Repeat precisely the span of lines below that opens with the line containing "a white bathroom" and closes with the line containing "An HVAC technician", both included.

Start of Information

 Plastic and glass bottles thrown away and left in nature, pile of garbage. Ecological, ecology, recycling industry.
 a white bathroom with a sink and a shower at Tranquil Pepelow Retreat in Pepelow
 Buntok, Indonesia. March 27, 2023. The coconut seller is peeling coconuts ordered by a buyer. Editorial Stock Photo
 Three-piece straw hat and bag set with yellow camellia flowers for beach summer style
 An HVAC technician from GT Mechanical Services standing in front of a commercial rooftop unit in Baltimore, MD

End of Information
Start of Information

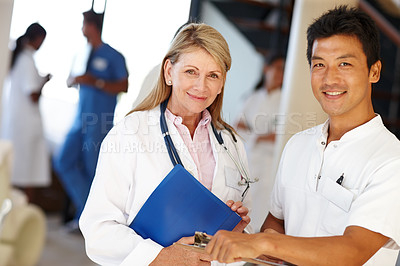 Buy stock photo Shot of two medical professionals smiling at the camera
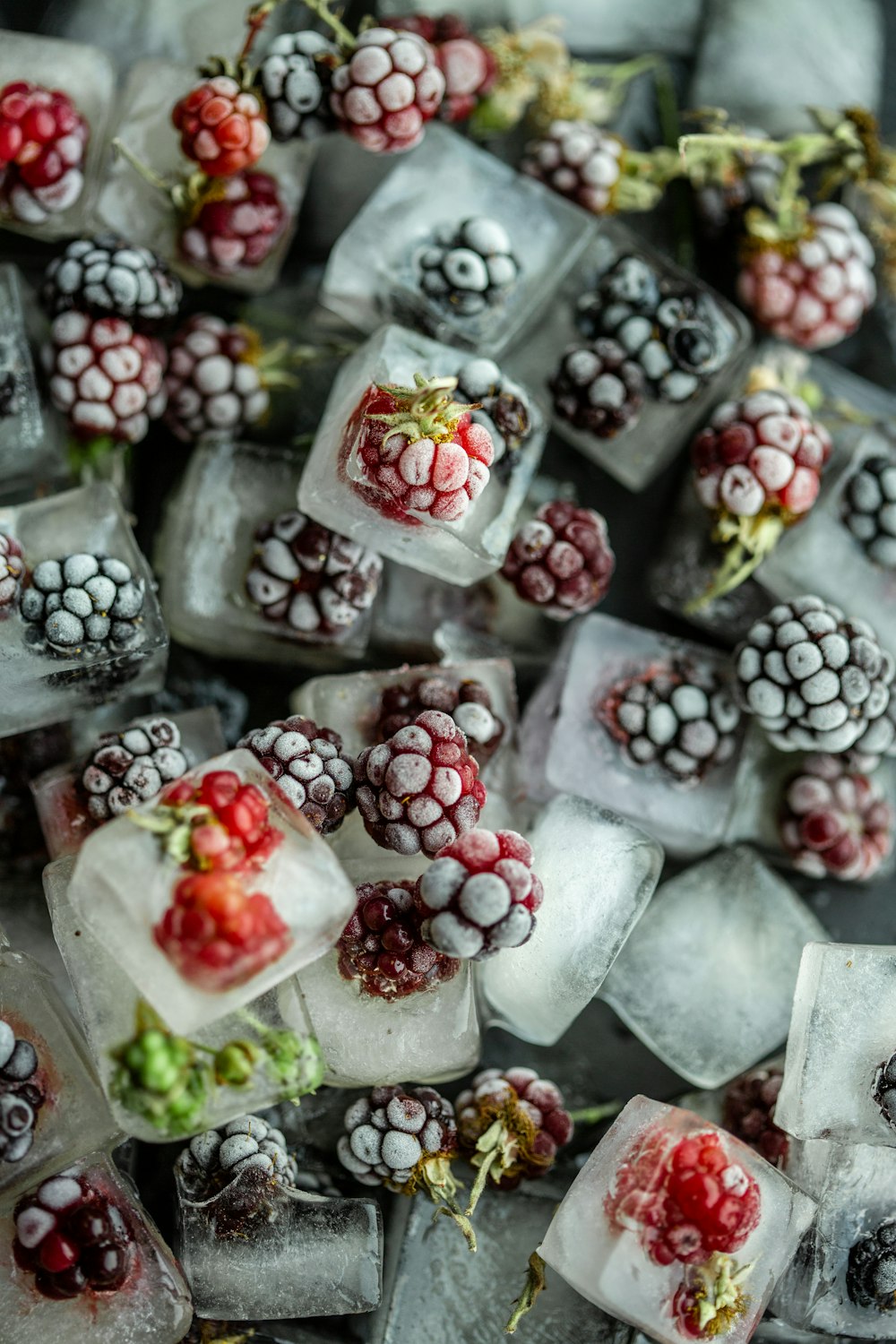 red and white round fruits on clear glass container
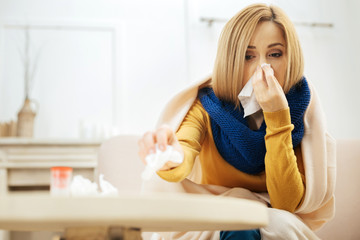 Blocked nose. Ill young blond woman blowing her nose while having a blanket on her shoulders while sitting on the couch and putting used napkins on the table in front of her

End of Information

**Written answer**
 a white bathroom with a sink and a shower at Tranquil Pepelow Retreat in Pepelow
 Buntok, Indonesia. March 27, 2023. The coconut seller is peeling coconuts ordered by a buyer. Editorial Stock Photo
 Three-piece straw hat and bag set with yellow camellia flowers for beach summer style
 An HVAC technician from GT Mechanical Services standing in front of a commercial rooftop unit in Baltimore, MD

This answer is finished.